Supplied material section start

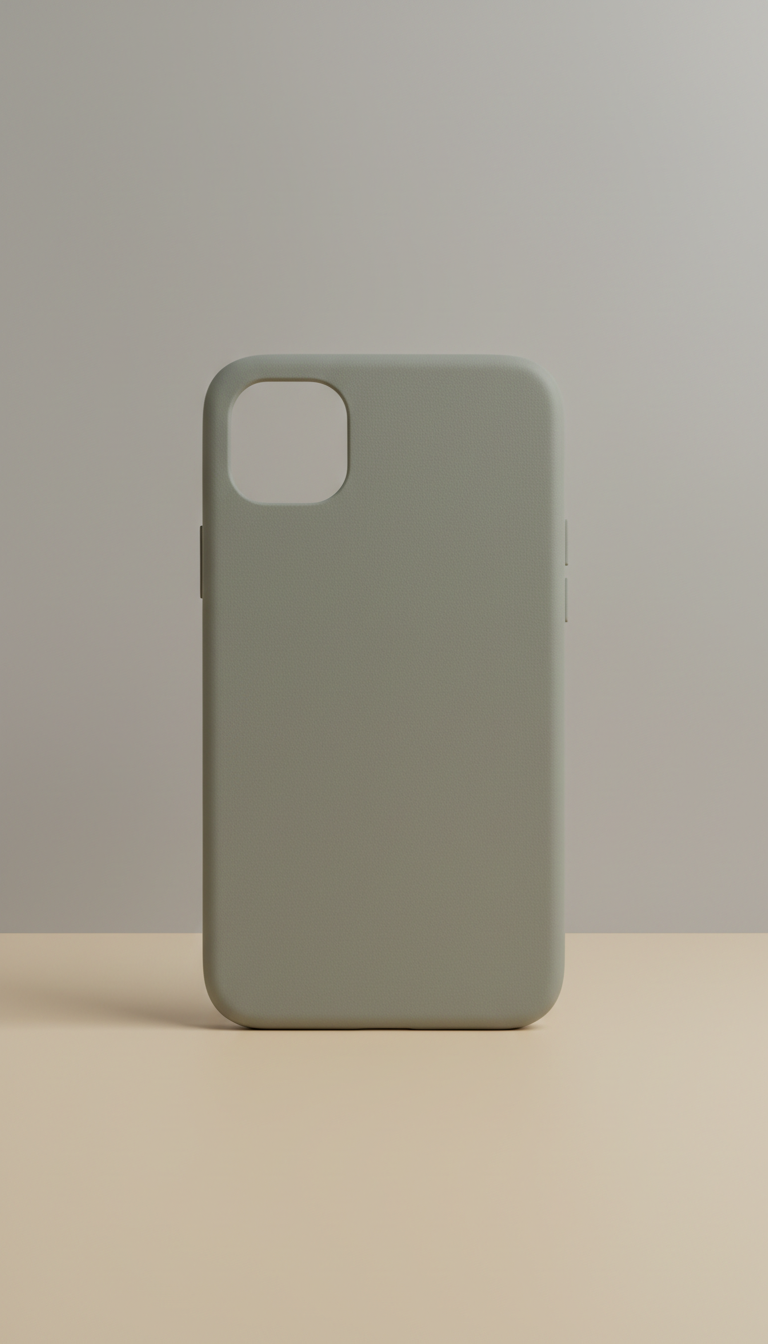 Eco-Friendly Sage Gray Phone Case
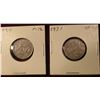 Image 1 : 1930 & 31 Canada Nickels. F-VF. Catalog Value $18.00.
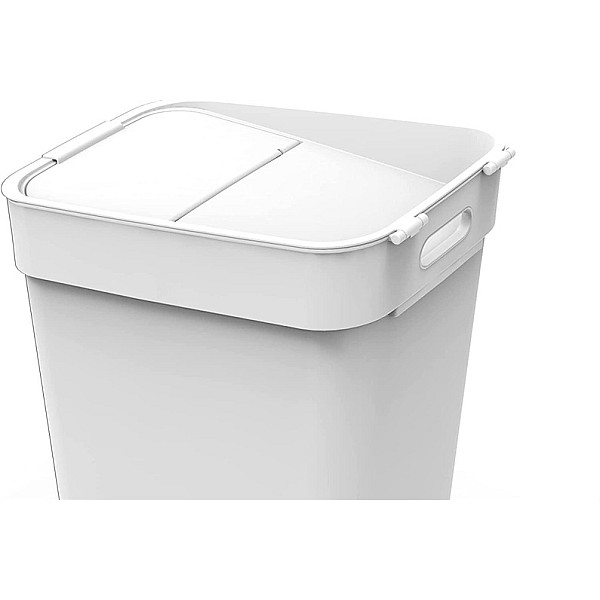 REFUSE BIN 252106 10L WHITE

Supplied material section end

▸ **What this task involves**:
Return exactly the lines starting at the line with "Image 1 : 1930" and ending at the last line of the listing, both ends included; pictures are to be left out.

▸ **Worked solution**:
 Image 1 : 1930 & 31 Canada Nickels. F-VF. Catalog Value $18.00.
 REFUSE BIN 252106 10L WHITE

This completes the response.